**What this task involves:** After locating the line that contains "彼女のKamala Harris The", quote it and all lines after it through the end of the entries, and nothing more. Pictures stay out.

Collected data entries:
=======

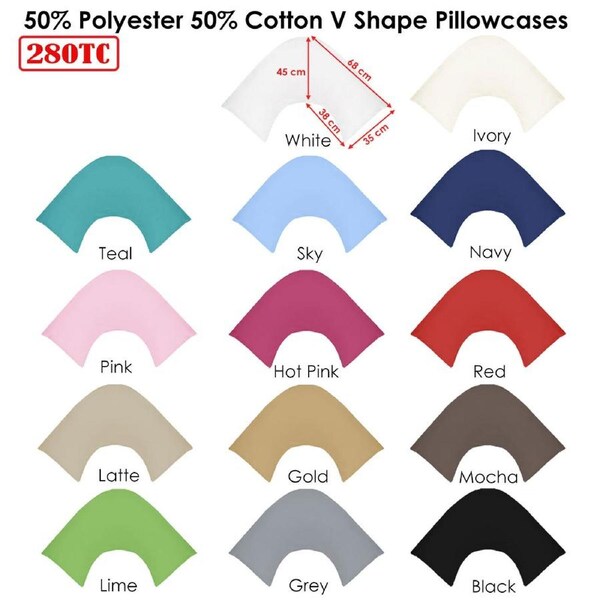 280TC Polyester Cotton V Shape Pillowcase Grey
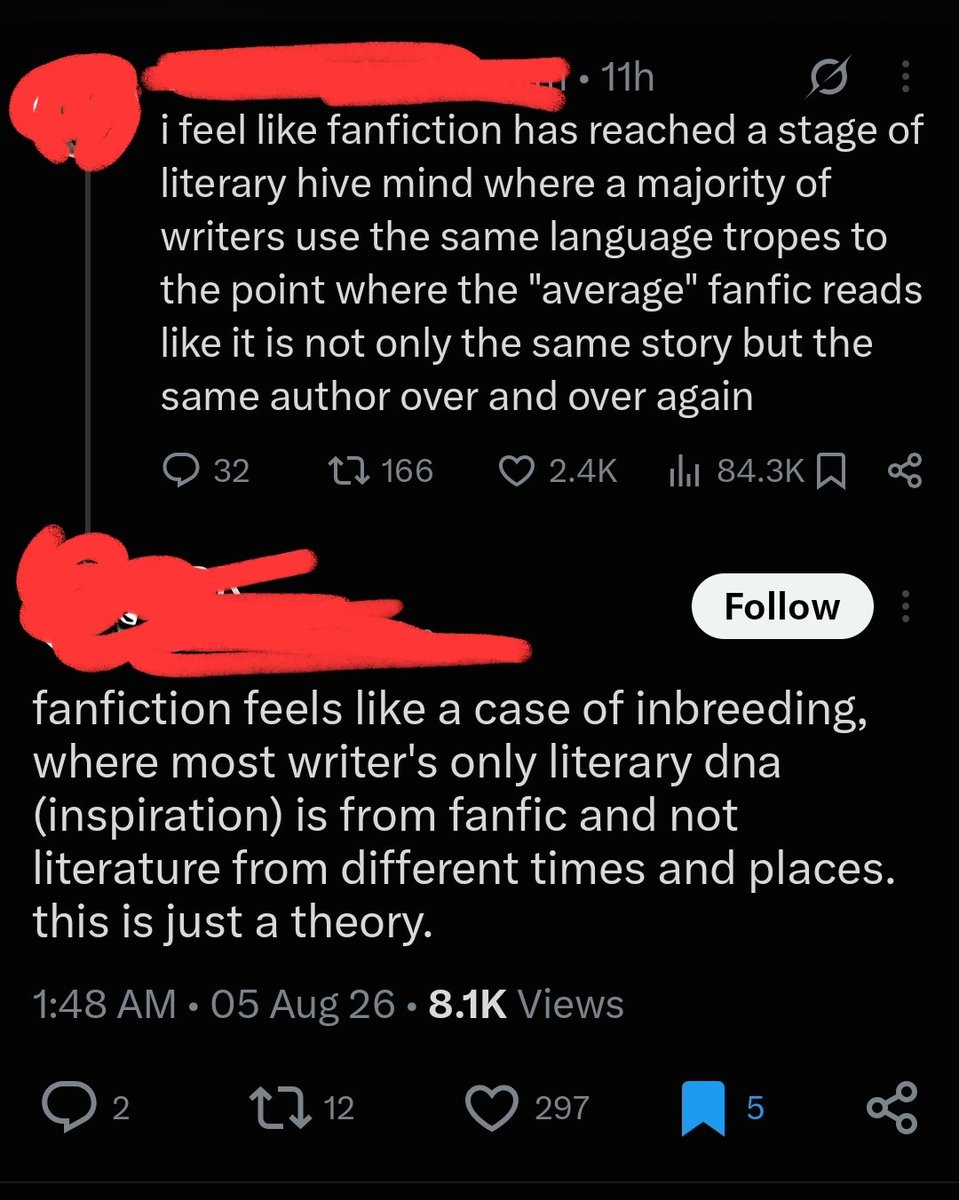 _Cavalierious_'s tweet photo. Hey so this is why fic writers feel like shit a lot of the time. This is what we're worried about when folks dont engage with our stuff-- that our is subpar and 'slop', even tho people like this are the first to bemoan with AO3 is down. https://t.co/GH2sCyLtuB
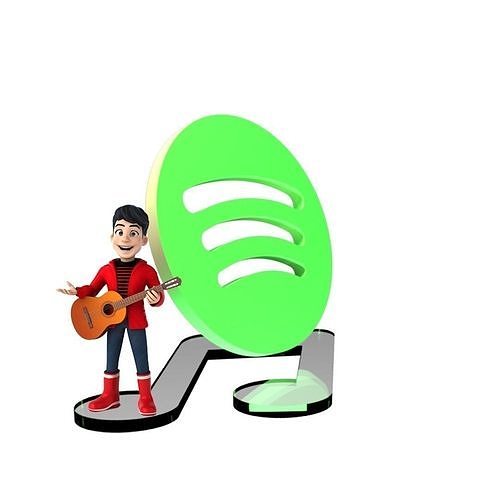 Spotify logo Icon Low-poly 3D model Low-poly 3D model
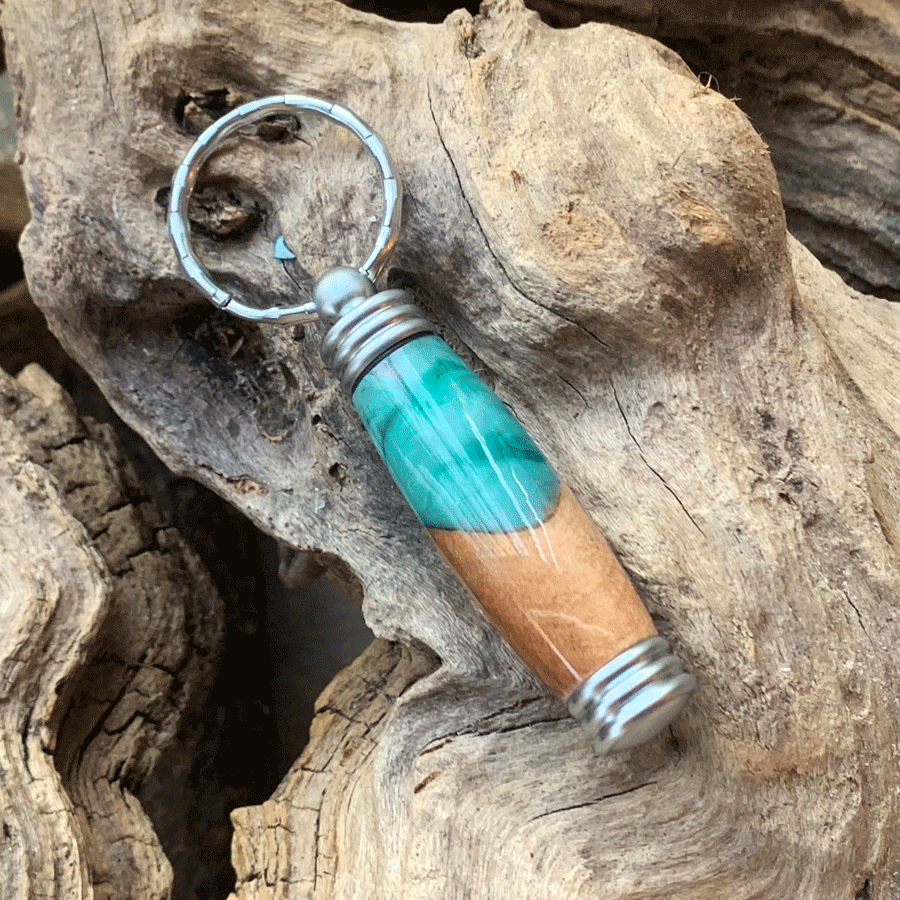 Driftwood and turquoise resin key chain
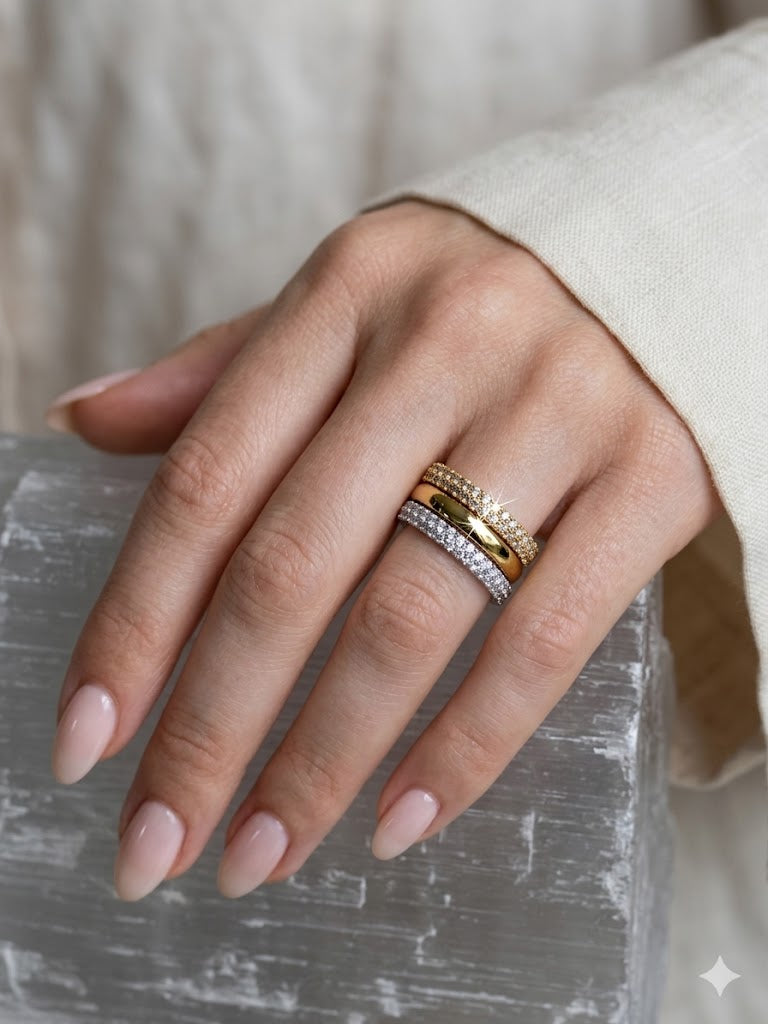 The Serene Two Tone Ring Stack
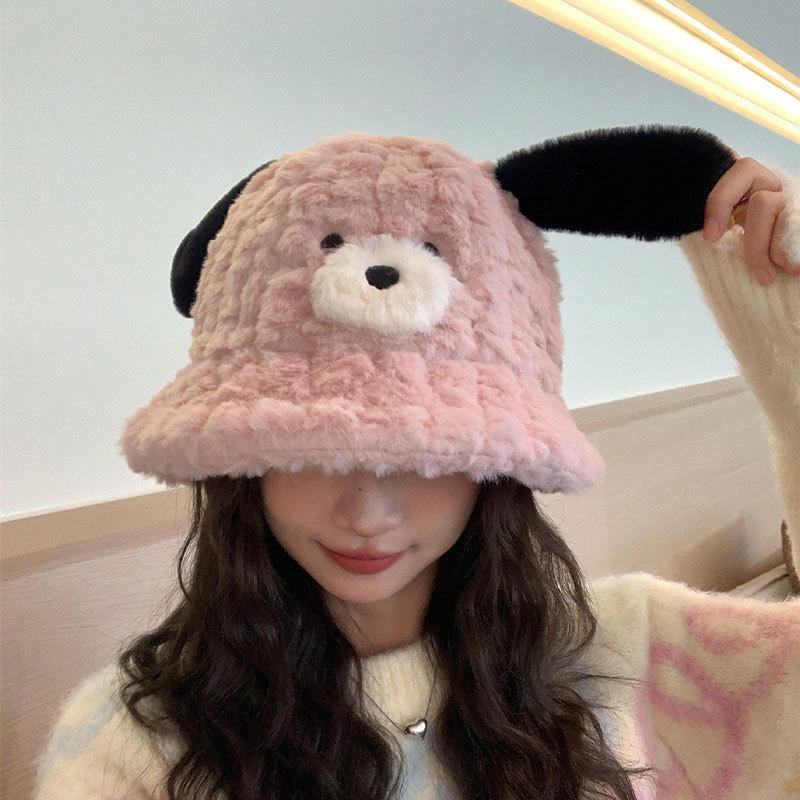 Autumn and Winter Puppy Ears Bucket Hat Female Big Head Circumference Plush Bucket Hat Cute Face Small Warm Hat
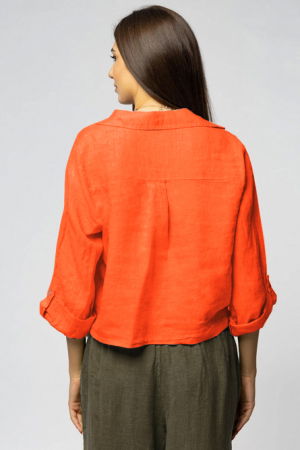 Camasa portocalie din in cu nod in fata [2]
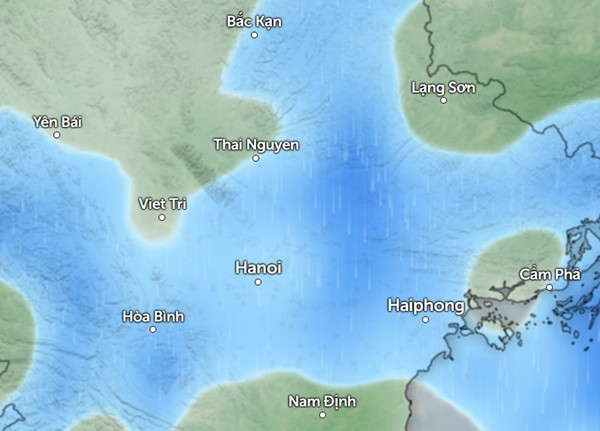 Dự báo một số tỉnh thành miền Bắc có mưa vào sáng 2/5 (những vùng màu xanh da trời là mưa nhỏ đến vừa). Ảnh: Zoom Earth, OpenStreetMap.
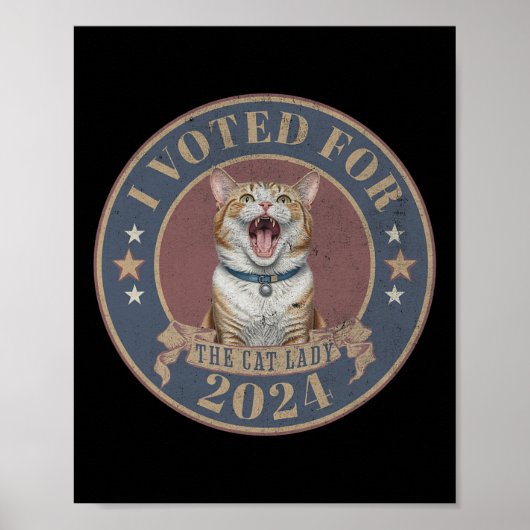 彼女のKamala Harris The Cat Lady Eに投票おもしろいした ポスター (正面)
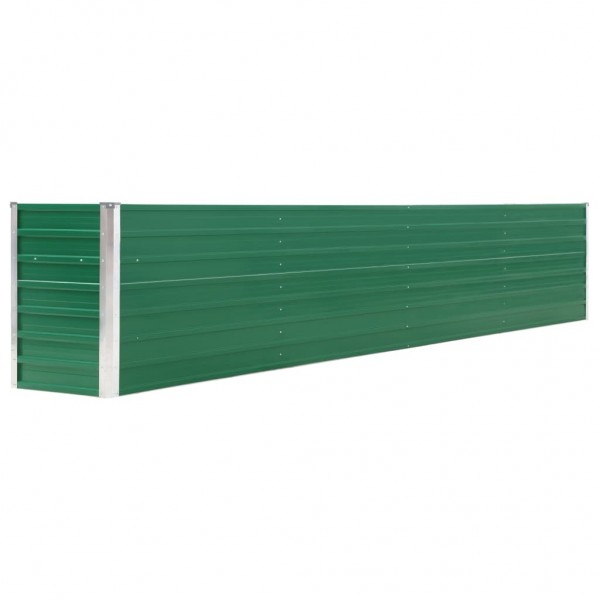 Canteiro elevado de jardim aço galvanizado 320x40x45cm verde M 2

=======

**Completed exercise:**
 彼女のKamala Harris The Cat Lady Eに投票おもしろいした ポスター (正面)
 Canteiro elevado de jardim aço galvanizado 320x40x45cm verde M 2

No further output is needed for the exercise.